Top of SUPPLIED ENTRIES

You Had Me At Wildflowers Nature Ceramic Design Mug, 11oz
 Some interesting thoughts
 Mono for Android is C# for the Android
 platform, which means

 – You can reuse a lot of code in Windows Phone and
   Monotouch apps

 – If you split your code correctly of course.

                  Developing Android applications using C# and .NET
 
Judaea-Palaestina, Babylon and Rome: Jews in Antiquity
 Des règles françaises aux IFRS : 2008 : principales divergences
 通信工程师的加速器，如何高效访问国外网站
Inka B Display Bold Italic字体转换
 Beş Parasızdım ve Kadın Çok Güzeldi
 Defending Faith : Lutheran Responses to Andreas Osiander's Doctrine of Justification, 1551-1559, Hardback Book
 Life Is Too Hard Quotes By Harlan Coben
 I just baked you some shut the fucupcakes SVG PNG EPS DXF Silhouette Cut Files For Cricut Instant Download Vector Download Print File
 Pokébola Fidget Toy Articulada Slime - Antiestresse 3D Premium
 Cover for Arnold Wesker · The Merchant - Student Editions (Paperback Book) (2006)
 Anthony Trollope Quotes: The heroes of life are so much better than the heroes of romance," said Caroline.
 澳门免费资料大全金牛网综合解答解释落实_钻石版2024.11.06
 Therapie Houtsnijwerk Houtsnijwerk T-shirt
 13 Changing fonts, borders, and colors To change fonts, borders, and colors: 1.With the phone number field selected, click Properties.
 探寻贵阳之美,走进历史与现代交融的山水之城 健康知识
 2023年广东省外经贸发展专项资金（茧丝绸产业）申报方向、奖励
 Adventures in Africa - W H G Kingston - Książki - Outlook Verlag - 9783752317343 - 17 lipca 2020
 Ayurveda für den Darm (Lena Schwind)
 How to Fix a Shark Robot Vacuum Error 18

Bottom of SUPPLIED ENTRIES

BRIEF:
Where the string "Book" turns up in a line of the data above, copy that whole line.

EXERCISE RESULT:
 Defending Faith : Lutheran Responses to Andreas Osiander's Doctrine of Justification, 1551-1559, Hardback Book
 Cover for Arnold Wesker · The Merchant - Student Editions (Paperback Book) (2006)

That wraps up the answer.